** WORK TO BE COMPLETED **
Note on the material below: return exactly the lines from the line that holds "Courbe de tempratures pour Kamenskoe" through the line that holds "天藤製薬 ヒハツサプリ", and leave out each picture.
── DATASET CONTENT ──
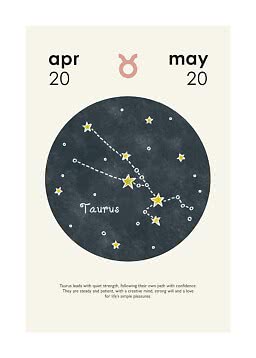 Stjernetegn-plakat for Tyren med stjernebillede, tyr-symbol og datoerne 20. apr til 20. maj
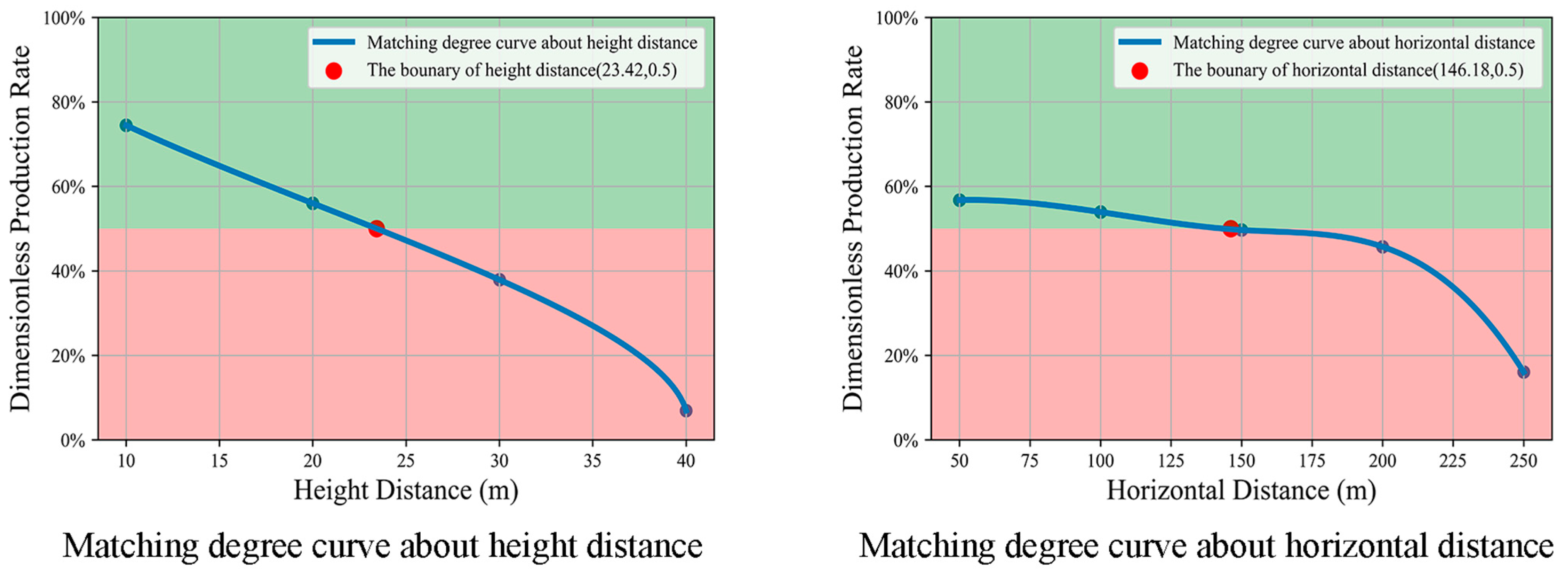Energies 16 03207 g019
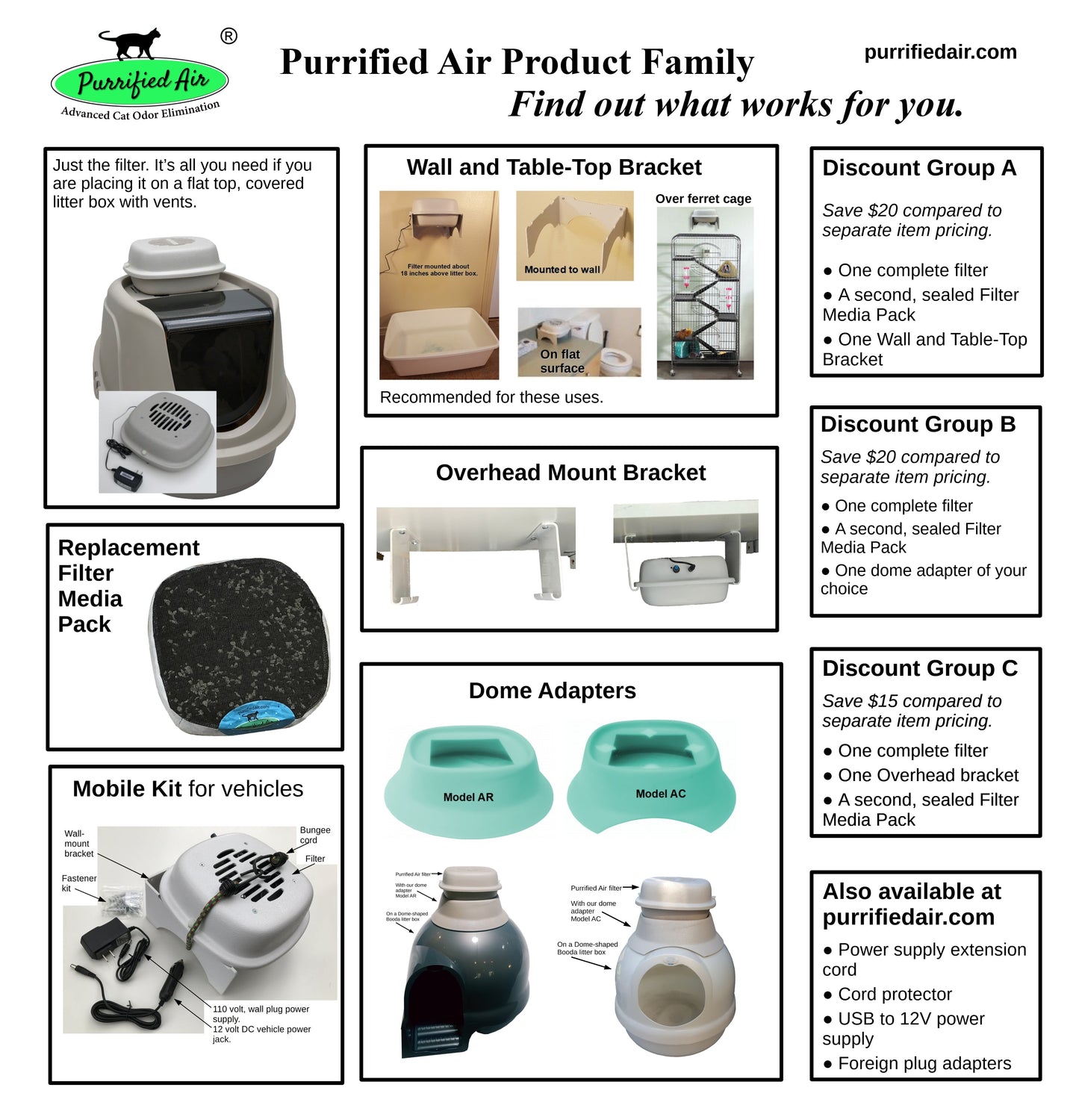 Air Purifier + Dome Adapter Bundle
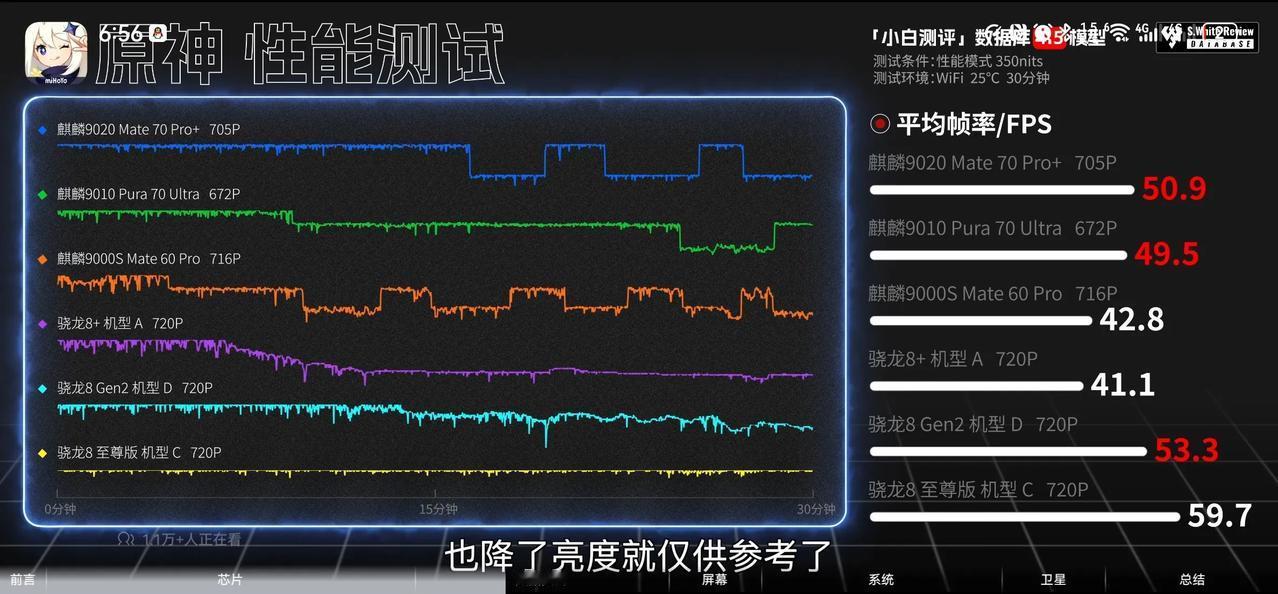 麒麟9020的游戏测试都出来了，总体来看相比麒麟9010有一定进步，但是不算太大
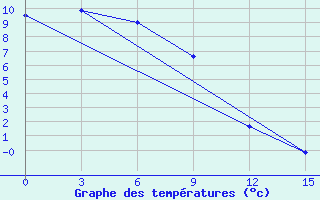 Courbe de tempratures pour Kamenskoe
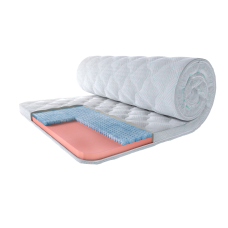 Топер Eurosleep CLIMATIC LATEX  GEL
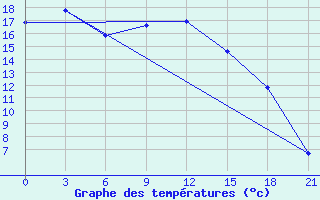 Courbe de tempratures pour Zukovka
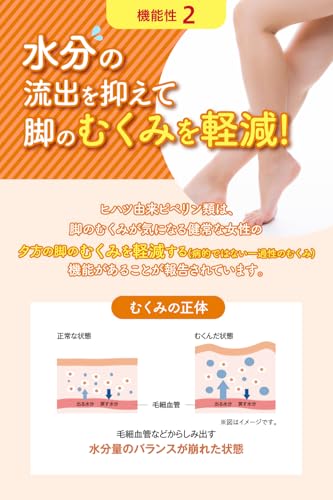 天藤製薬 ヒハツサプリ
───
── DATASET CONTENT ──
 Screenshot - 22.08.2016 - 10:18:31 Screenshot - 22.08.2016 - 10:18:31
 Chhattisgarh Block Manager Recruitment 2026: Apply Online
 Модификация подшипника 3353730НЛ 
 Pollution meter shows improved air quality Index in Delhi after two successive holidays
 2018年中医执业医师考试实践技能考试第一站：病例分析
───
── DATASET CONTENT ──
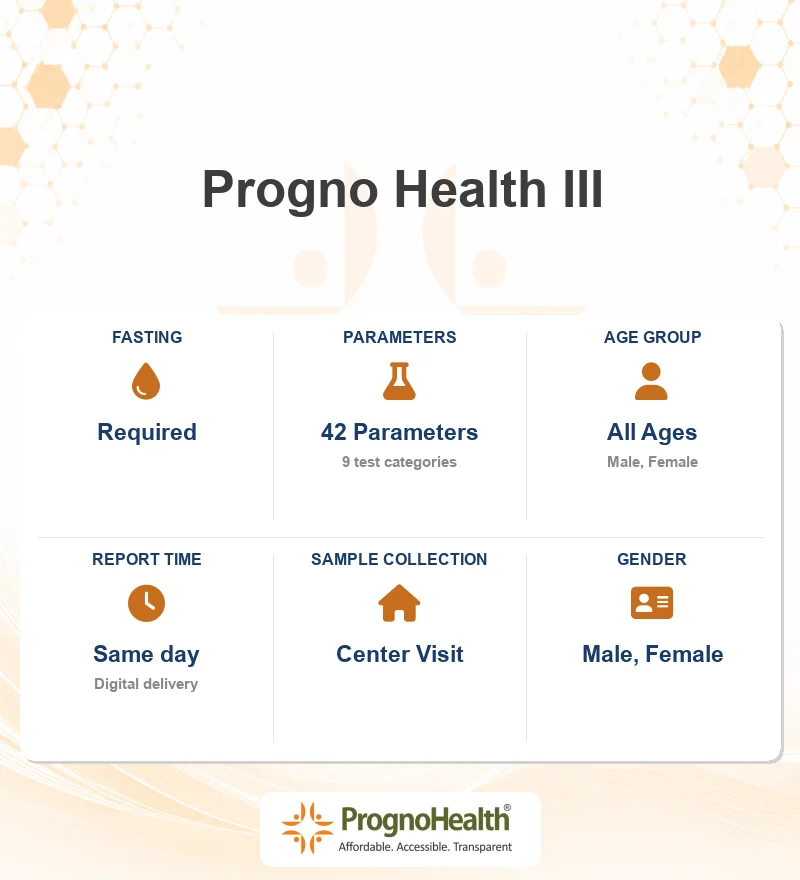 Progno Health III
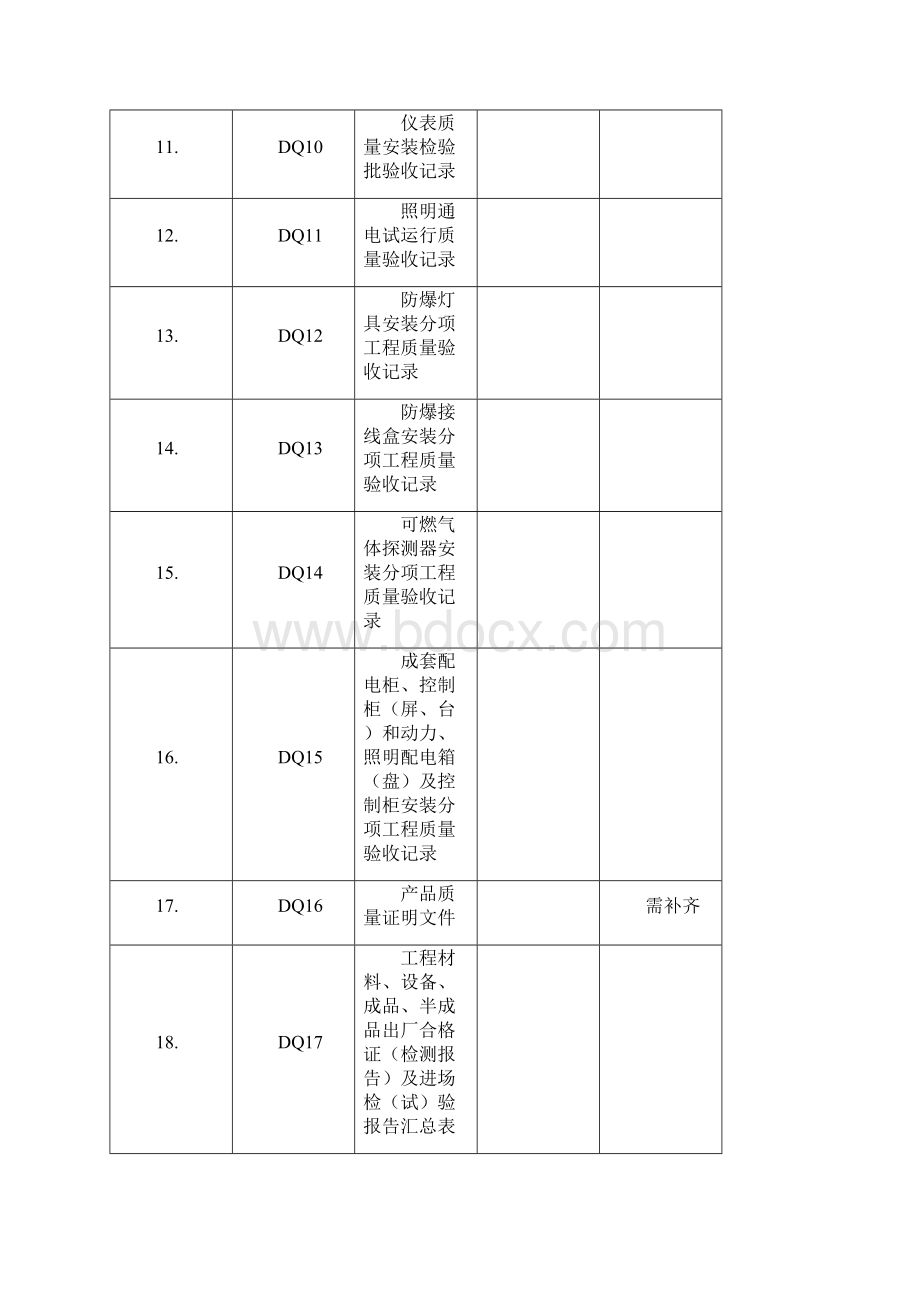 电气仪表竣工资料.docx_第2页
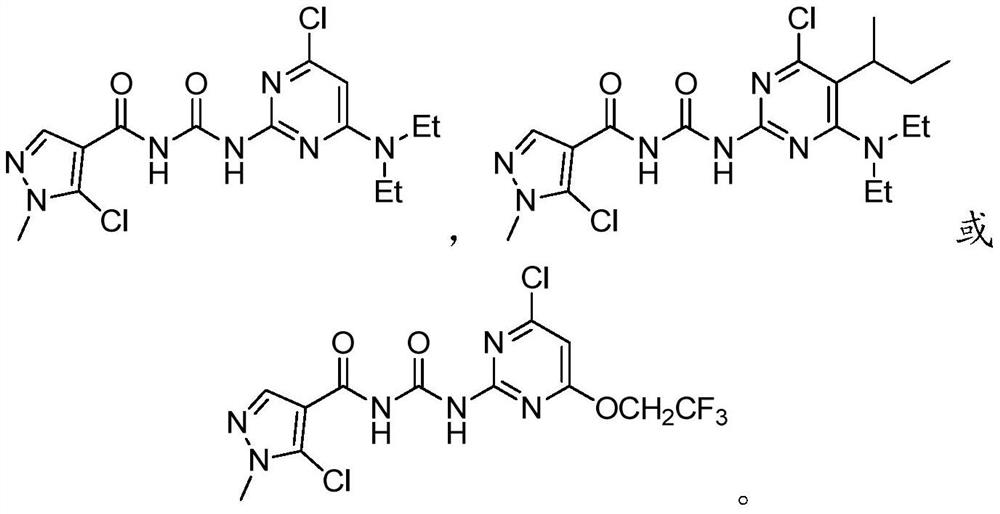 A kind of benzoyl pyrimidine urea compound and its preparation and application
───
** TASK RESPONSE **
 Courbe de tempratures pour Kamenskoe
 Топер Eurosleep CLIMATIC LATEX  GEL
 Courbe de tempratures pour Zukovka
 天藤製薬 ヒハツサプリ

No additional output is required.